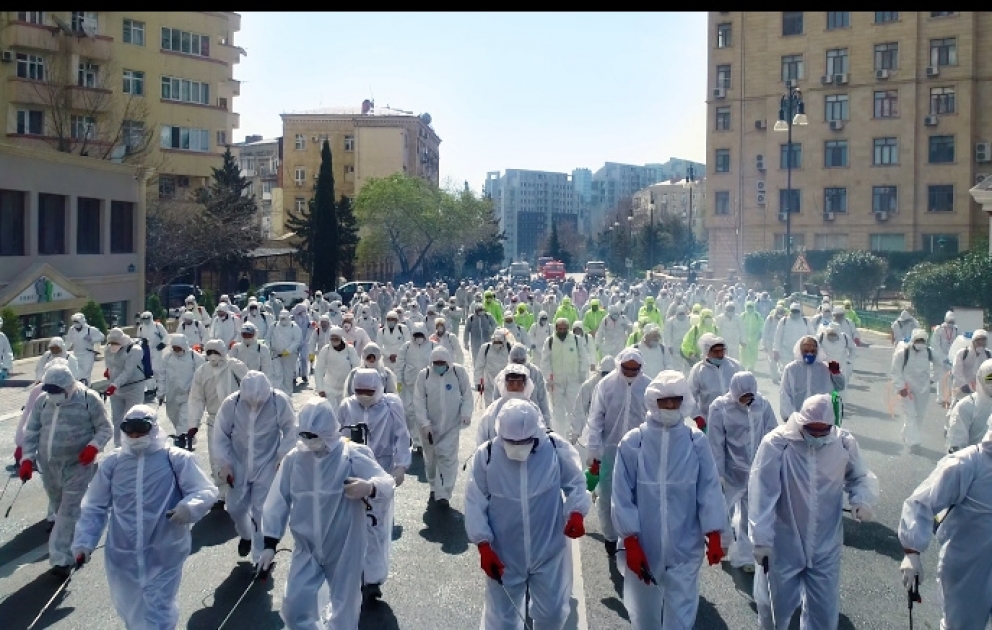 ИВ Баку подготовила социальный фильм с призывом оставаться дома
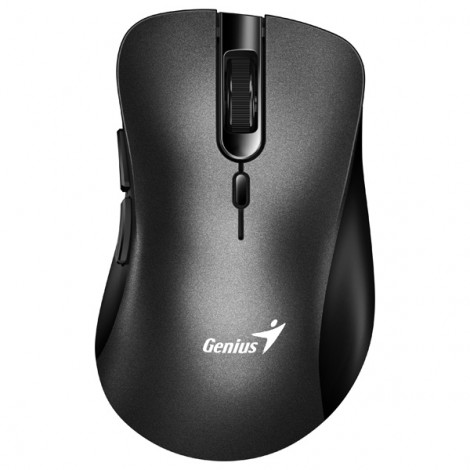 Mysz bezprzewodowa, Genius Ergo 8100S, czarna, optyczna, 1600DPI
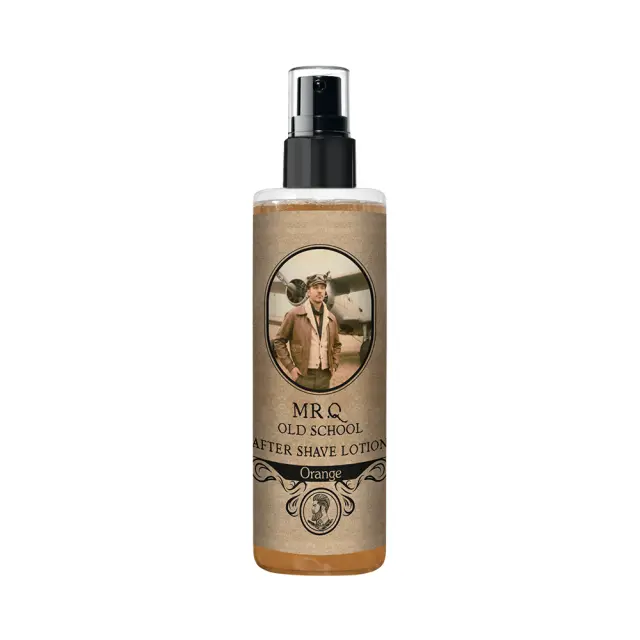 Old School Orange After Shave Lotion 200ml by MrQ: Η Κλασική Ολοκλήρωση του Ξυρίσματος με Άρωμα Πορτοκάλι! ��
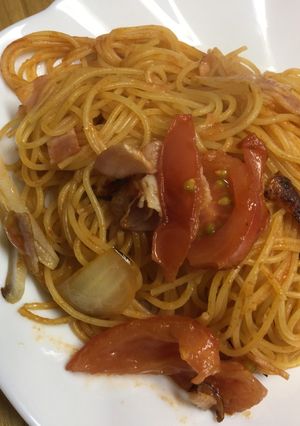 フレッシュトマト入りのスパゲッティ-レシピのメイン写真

** EXERCISE DESCRIPTION **
Go through the data above and transcribe it in full, omitting any image.

** ANSWER TO THIS TASK **
 ИВ Баку подготовила социальный фильм с призывом оставаться дома
 Mysz bezprzewodowa, Genius Ergo 8100S, czarna, optyczna, 1600DPI
 Old School Orange After Shave Lotion 200ml by MrQ: Η Κλασική Ολοκλήρωση του Ξυρίσματος με Άρωμα Πορτοκάλι! ��
 フレッシュトマト入りのスパゲッティ-レシピのメイン写真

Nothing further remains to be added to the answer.